| I've often brought up GPUs while talking to folks, because they're interesting and offer a world of potential. I have two computers, one with a Ryzen 1950X, and the other an i9 7900X. Both CPUs cost about the same, but the i9 (with avx-512) is close to 4 times faster at matrix multiplication. Yet it is still about 10x slower than a cheaper Vega 64 GPU. But the folks I talk to aren't generally computer scientists. They're statisticians and academics, mostly. A few have tried, but they haven't been successful. There are libraries like rocRAND / cuRAND for random number generators. It's probably possible, and I just need to sit down and really experiment. For the MCMC chains (going on within MC), Hamiltonian Monte Carlo sounds more feasible than Gibbs sampling. In Gibbs sampling, you need lots of different conditional random numbers. You often get these from accept/reject algorithms -- ie, lots of fine grained control flow.
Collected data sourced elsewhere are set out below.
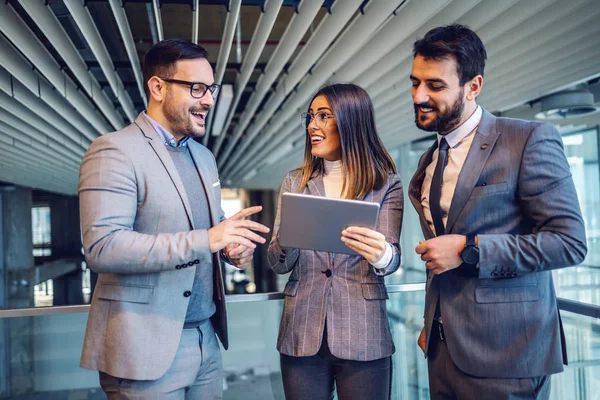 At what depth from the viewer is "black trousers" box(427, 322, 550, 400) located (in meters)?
1.32

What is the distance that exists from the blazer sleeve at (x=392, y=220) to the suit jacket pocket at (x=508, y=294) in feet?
1.00

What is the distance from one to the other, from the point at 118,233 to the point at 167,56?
23.1 inches

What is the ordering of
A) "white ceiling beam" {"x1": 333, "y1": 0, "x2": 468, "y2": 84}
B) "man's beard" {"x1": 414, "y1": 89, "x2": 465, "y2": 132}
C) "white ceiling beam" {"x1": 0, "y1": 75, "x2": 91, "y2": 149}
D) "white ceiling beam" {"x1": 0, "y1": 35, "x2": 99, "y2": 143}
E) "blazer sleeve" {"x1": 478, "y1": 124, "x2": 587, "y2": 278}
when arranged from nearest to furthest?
"blazer sleeve" {"x1": 478, "y1": 124, "x2": 587, "y2": 278}
"man's beard" {"x1": 414, "y1": 89, "x2": 465, "y2": 132}
"white ceiling beam" {"x1": 333, "y1": 0, "x2": 468, "y2": 84}
"white ceiling beam" {"x1": 0, "y1": 35, "x2": 99, "y2": 143}
"white ceiling beam" {"x1": 0, "y1": 75, "x2": 91, "y2": 149}

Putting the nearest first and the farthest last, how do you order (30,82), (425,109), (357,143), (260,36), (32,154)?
(425,109) → (357,143) → (260,36) → (30,82) → (32,154)

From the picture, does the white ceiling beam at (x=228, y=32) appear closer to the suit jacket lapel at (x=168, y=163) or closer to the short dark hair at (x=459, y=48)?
the suit jacket lapel at (x=168, y=163)

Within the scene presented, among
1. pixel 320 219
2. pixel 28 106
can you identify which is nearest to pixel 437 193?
pixel 320 219

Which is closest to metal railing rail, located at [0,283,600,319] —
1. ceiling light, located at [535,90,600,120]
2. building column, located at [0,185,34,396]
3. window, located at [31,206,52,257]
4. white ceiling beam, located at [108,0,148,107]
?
white ceiling beam, located at [108,0,148,107]

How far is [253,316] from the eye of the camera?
8.13 feet

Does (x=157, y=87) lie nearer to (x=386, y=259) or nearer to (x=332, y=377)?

And ideally, each MCMC run has at least an entire work group dedicated to it. You don't want the entire work group calculating a small handful of gamma random number (with all the rest masked). The parameters of the gammas are not known in advance, so they cannot be pre-sampled. Hamiltonian Monte Carlo is probably much friendly. However, I have heard concerns that the simplectic integrator used needs a high degree of accuracy to avoid diverging. That is, that it needs 64 bits of precision. GPUs with more than 32 bits are well outside of my budget. Although, I could look into tricks like double-singles for the accuracy-critical parts of the computation. The simulation I mentioned in my previous comment was using Hamiltonian Monte Carlo. However, each iteration was rather involved, and while much is vectorizable (eg, matrix factorizations and inversions), doing so on a GPU is AFAIK not trivial.
It seems like a gigantic leap in complexity. |